The Eleventh Circuit Court of Appeals today released an opinion in a case involving various challenges to SORNA, including under the Commerce and Necessary and Proper Clauses. The constitutional issues were previously decided by the Eleventh Circuit in United States v. Ambert, 561 F.3d 1202 (11th Cir. 2009), but were raised apparently for preservation purposes. In addition to upholding SORNA, the Court found that sex offenders are not exempt from its registration requirements, even when the jurisdiction in which he is required to register has not yet implemented SORNA. You may read the full opinion here.
Interestingly, the Court did discuss the defendant's claim that he had no duty to register under SORNA because he had no notice of the duty to register (relying on Lambert v. California, 355 U.S. 225 (1957)). The Court distinguished Lamberton the ground that the defendant here had "actual knowledge that he had a duty to register in Alabama." The defendant was admittedly given notice of his duty to register, but the notice was unclear as to whether he must register under state law or SORNA. The Court however noted that there were "sufficient circumstances to prompt [the defendant] to have inquired upon his duty to register." Thus, the Court concluded that “notice of a duty to register under state law is sufficient to satisfy the Due Process Clause.”

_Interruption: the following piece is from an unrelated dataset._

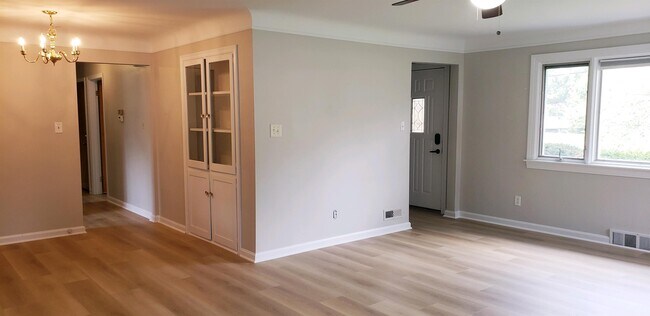 Building Photo - 9628 Delray Dr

The ruling by the 11th Circuit Court of Appeals on Thursday marks the first time an appeals court in the circuit has upheld the Adam Walsh Act, a 2006 law that aims to create a national sex offender database and creates stiff penalties for those who fail to register.
It stems from the case of William Eric Brown, who was appealing his 2008 conviction for failing to reregister as a sex offender after moving from North Carolina to Alabama. Brown had argued the new requirements were "impossible" to comply with because he never received notification about them.
The three-judge panel's ruling, however, concluded there was "no due process violation."